OpenAL* classes single-threaded?

Hi,



I just figured out a problem with some code we have. We want to play some background music, and this music has two parts: an introduction that gets things going, and a loop part that should be repeated indefinitely, and that should be started when the first part finishes. I don't think the solution we have in place is ideal, but it looks like this:



   introMusicTrack.addTrackStateListener(new TrackStateListener() {
      public void trackFinishedFade(AudioTrack track) {
      }

      public void trackPaused(AudioTrack track) {
      }

      public void trackPlayed(AudioTrack track) {
      }

      public void trackStopped(AudioTrack track) {
         if (introPlaying) {
            startLoopingTrack();
         }
      }
   });



The intention being that when the first part of the track is finished, the second should be triggered - if we still want to play that music track at all. The problem was that even though we could see that the 'trackStopped' listener method was being called, we never heard the looping part play, and there were no messages in any log. It turned out that the listener callback was executed by a different thread than the one that played the rest of the sounds, and when we changed that - making sure that both calls to AudioTrack.play() were done from the same thread - things started working again.

Is this the intended behaviour? If so, maybe there should be some checks in the OpenAL-related classes to ensure that users that make calls from 'the wrong thread' get notified about that?

Best,

Petter

Actually, this is a problem I'm not sure about either.  I believe that OpenAL is meant to be single threaded similar to OpenGL, but I do not have any documentation handy to prove this.  Can anyone confirm?

I have had some similar issues related to OpenAL with threading in the past.  I can't necessarily confirm that it is specific to OpenAL or the JNI work that was done, but there are definitely some issues here.
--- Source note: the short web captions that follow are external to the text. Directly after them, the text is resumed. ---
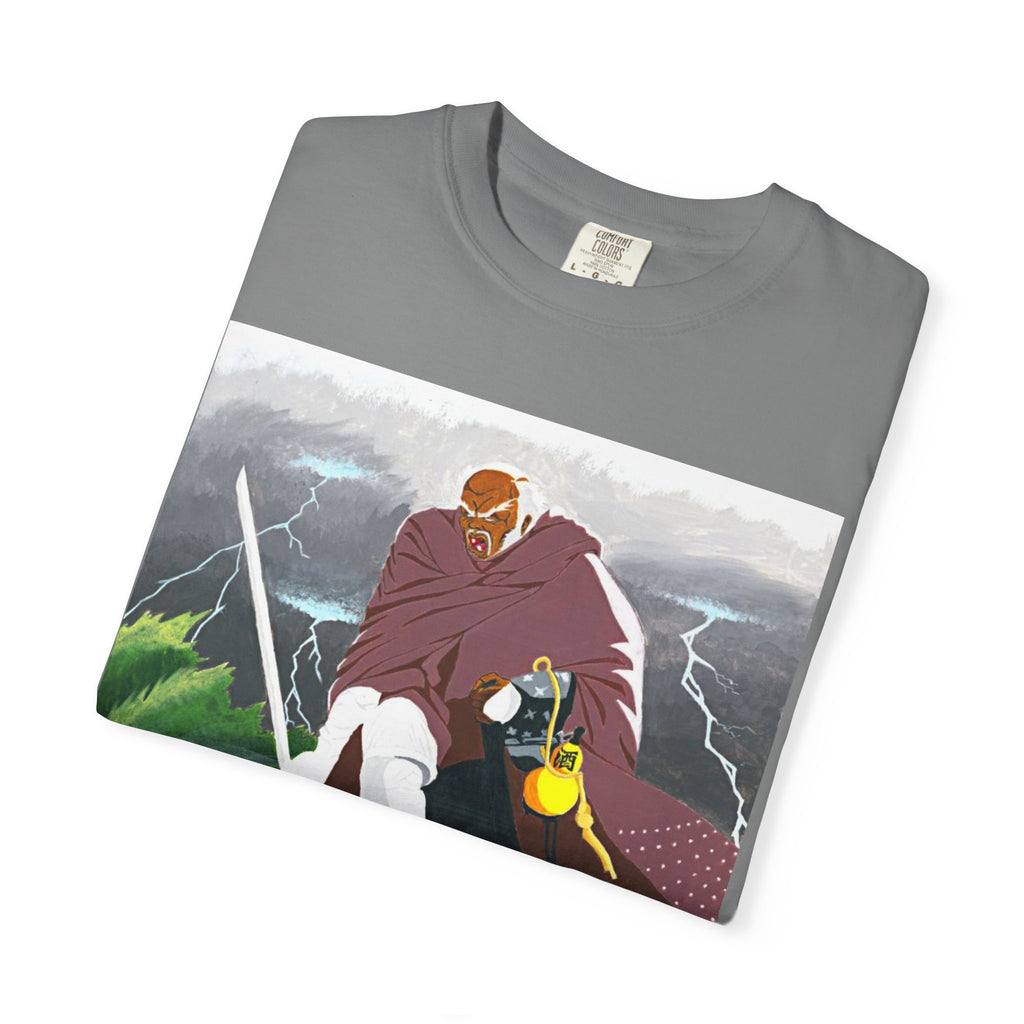 Samurai Sunset Graphic Tee — Vintage Warrior Illustration Unisex T-Shirt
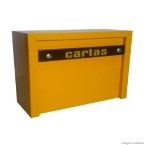 Caixa de correio em chapa Gradil Eco 710 amarela Pintart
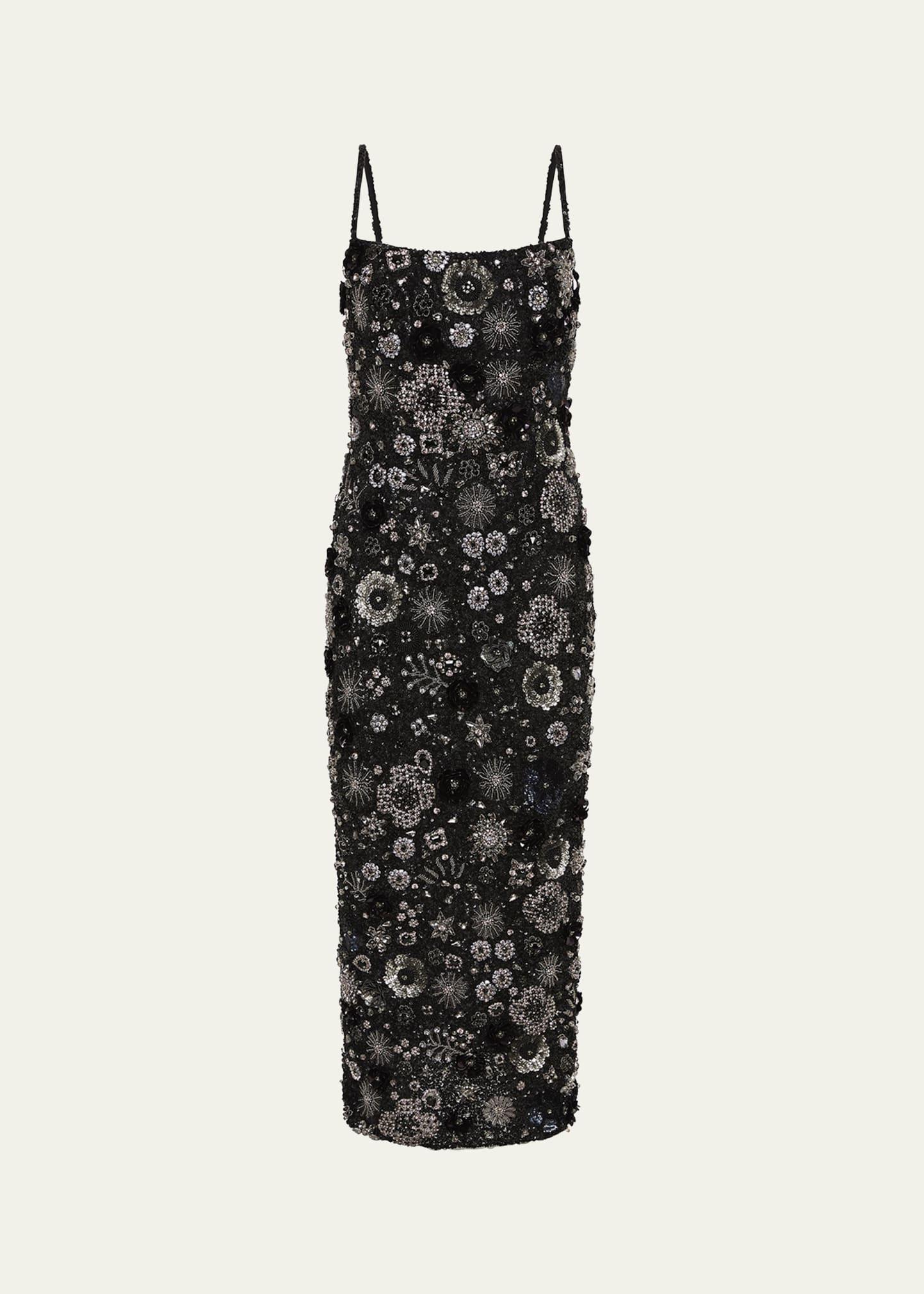 francesca floral embellished ankle gown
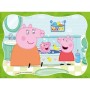 Ravensburger - Puzzle Peppa Pig 4 puzzle in cutie 12 16 20 24 piese Ravensburger - 2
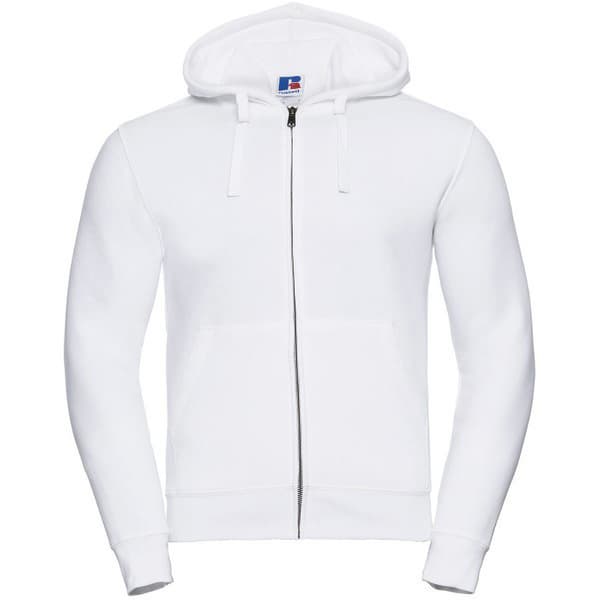 Russell Mens Authentic Full Zip Hooded Sweatshirt / Hoodie med hel dragkedja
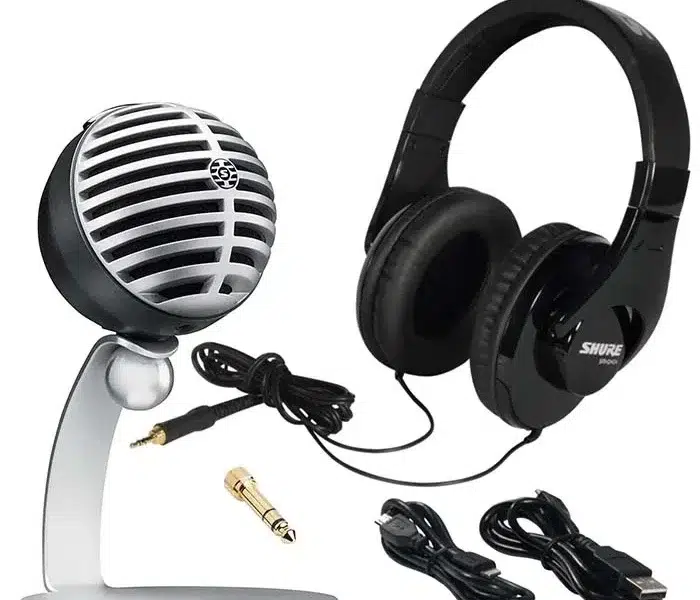 Kit Shure MOTIV MV5/A-240 BNDL con micrófono digital y audífonos cerrados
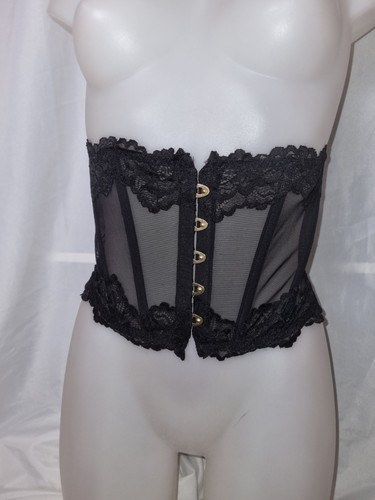 Gorgeous black boned waspie - gorgeous,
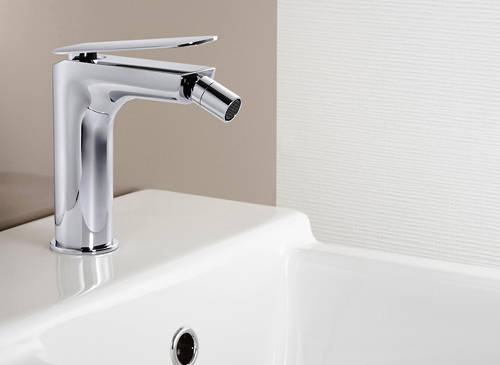 Example image of Crosswater KH Zero 2 Basin & Bidet Mixer Taps Pack With Lever Handles.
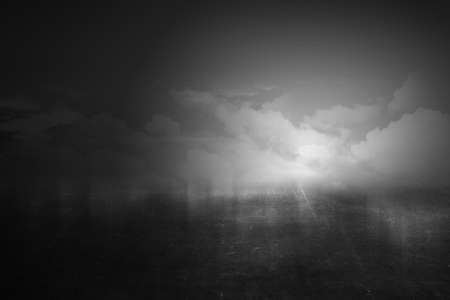 Dramatic view of the dark cloud on the skyの写真素材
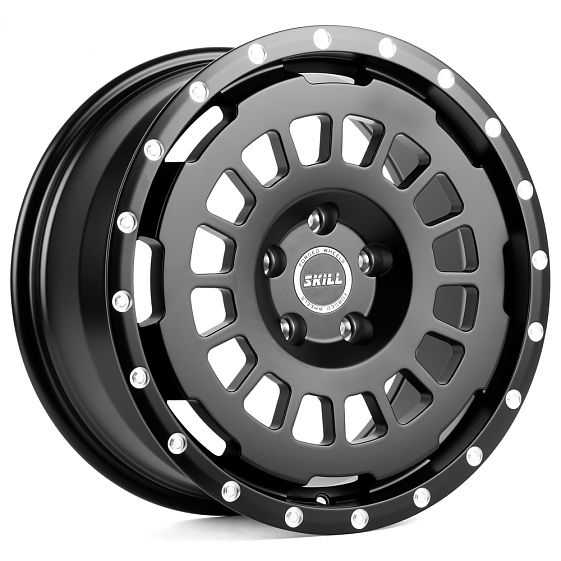 Кованые диски H250925W SKILL SV606-SB532 18 J8.5 ET45 5x120 65.1 чёрный матовый + полированные спицы: Фото 4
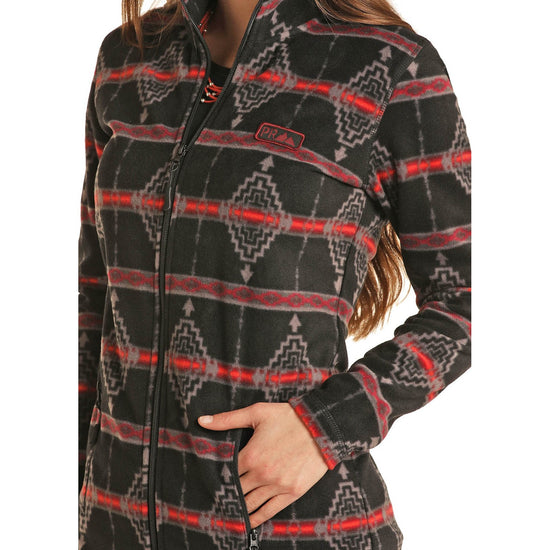 Powder River Ladies Performance Black Aztec Jacket 52-1040
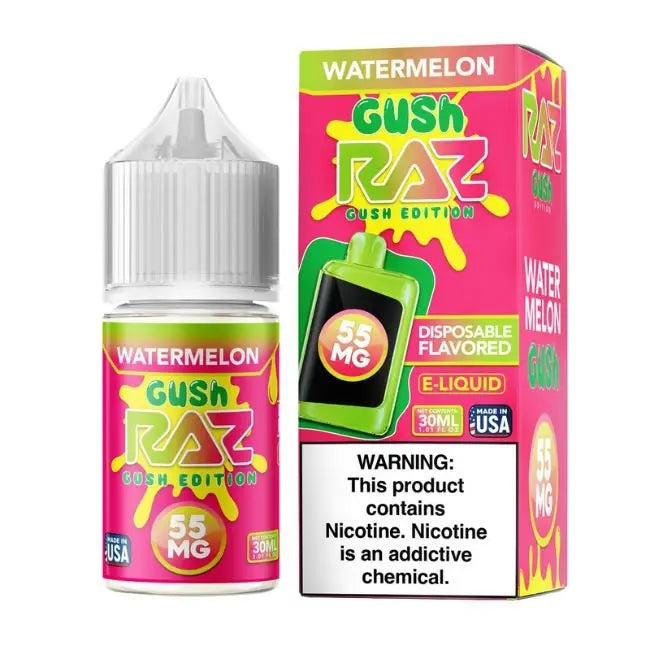RAZ Gush Edition E-Liquid 30ml - Watermelon Gush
I've had some luck with being able to thread out my background music player apart from my sound effects engine. The trick was initiating openAL in a separate class first, and then being sure to reserve the appropriate number of sources for each so that you don't have to worry about synchronization. Of course, I ended up with other issues caused from the threading (my music streaming would occasionally stutter or poop out from "thread clashing" on machines that aren't as multithreading capable).